Que hayamos perdido una elección de gobernadores abrumadoramente cuando todas las encuestas y expertos daban cifras míseras a un gobierno solo sostenido por una logia de gorilas es cosa curiosa. Pero no solo eran los números reiterados, sino la misma situación agónica del país en cualquiera de sus aspectos, a la vista de todos. Trampas, cochinadas a granel hubo, y eso cuenta, y mucho. Pero no da razón de semejante hecatombe. También ayudó el mercadeo de hambre por voto. Pero faltan fichas. Abstención, seguro. Desorganización electoral y falta de una robusta y diáfana unidad, también. Vea usted cómo combina esas barajas. En todo caso, allí pasó algo muy grave que se continuó en unas vergonzosas municipales. Ya sin unidad ni energía. Con unos abstencionistas que guardaron un insólito mutismo, a sabiendas de que una abstención solo se gana en el plano de las ideas, de la denuncia, del verbo. Así que callarse es perder dos veces, en los votos y en el desenmascaramiento de los truhanes.
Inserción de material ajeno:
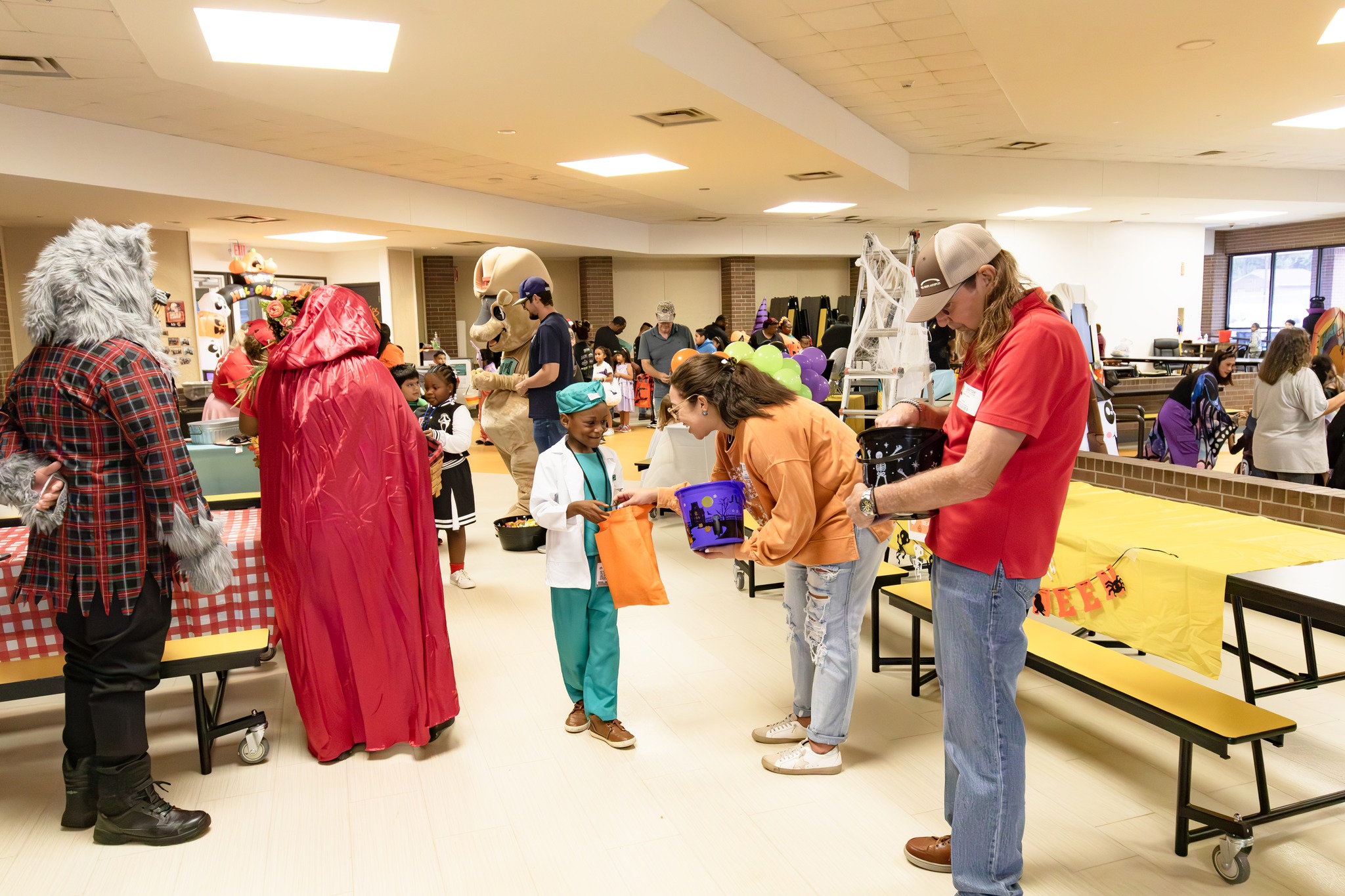 Students at trunk or treat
Todo lo cual se puede resumir en una consecuencia fatal, que se bloqueó el camino del voto, que hasta no ha mucho era muy nuestro, la salida regia, la que tratábamos de terminar de abrir. Y la que debemos reencontrar ahora si no queremos que Maduro, o algún símil, nos termine de dejar sin país en las elecciones presidenciales, si las hubiese.

Por último quería subrayar que ese silencio se prolongó como si no hubiese cosas de la gravedad de fraudes cantados o una hiperinflación que amenaza con una hambruna sin límites. Los líderes parecen haberse desaparecido y solo en raras ocasiones hacían alguna declaración. Y no lo digo yo, lo dice el texto decembrino de la Mesa: “…no hemos sabido acompañar en las últimas semanas, de la forma amplia y contundente que se merecía, el sufrimiento de un pueblo que ve mermar aceleradamente sus ya difíciles condiciones de vida…”. Las calles y las tribunas, en consecuencia, estuvieron desoladoramente solitarias, con semejantes causas.
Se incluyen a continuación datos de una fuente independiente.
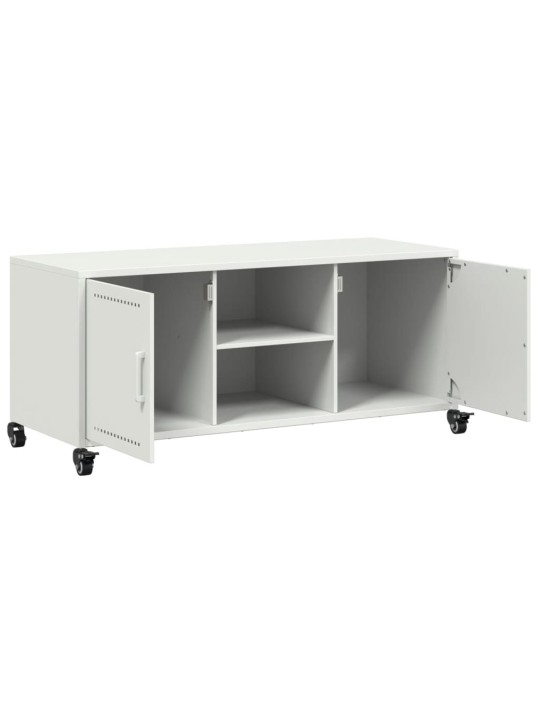 Tv skapītis, balts, 100,5x39x43,5 cm, tērauds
En ese documento citado, autocrítica de un año horrible, de tono desgarrador, se alude a lo que hemos dicho y criticado. Y ya es de alabar ese esfuerzo, con el que coincidimos y disentimos, por enfrentar la verdad de la situación infame a que nos ha llevado la dictadura. Tan solo lamentamos que, además de confesar los errores, no se ahonde en las causas.

Pero lo más curioso de este mea culpa es que casi omite, en todo caso le atribuye un papel muy atenuado, a lo que se vendía hace un rato como la eventual solución genérica al problema nacional, la transacción de República Dominicana bajo la severa tutela de la comunidad internacional. De nuevo el enigma: ¿es que ya no es la llave del orden y la paz, aunque sean cojitrancos?, ¿no explicará esa cuasi ausencia la posibilidad de hablar esta vez recio y compatibilizar líneas de acción que parecen poco coincidentes?, ¿o también pudo ser el motivo de los silencios aludidos a la espera del tal arreglo?, ¿habrá que acechar unos pocos días, hasta el 11 de los corrientes, para saber cuál es definitivamente el horizonte y el estilo de lucha ahora prometido?
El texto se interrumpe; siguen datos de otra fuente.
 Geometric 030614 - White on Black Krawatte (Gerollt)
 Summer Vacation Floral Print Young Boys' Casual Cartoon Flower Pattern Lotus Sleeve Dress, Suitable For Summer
La gran tarea de este año que comienza tan enfermo es buscar la coherencia. Lo cual se podría desglosar en muchos rubros. De la unidad a la fiereza en las justas electorales, de la lucha por la supervivencia física al enfrentar la continua humillación política. Pero arropando todo eso debe haber una manera de hacer las cosas que se pueda definir con unas pocas palabras: transparencia, constancia, la palabra sonora y oportuna, la conciencia de que hemos llegado a las puertas del infierno y ya no queda tiempo que perder.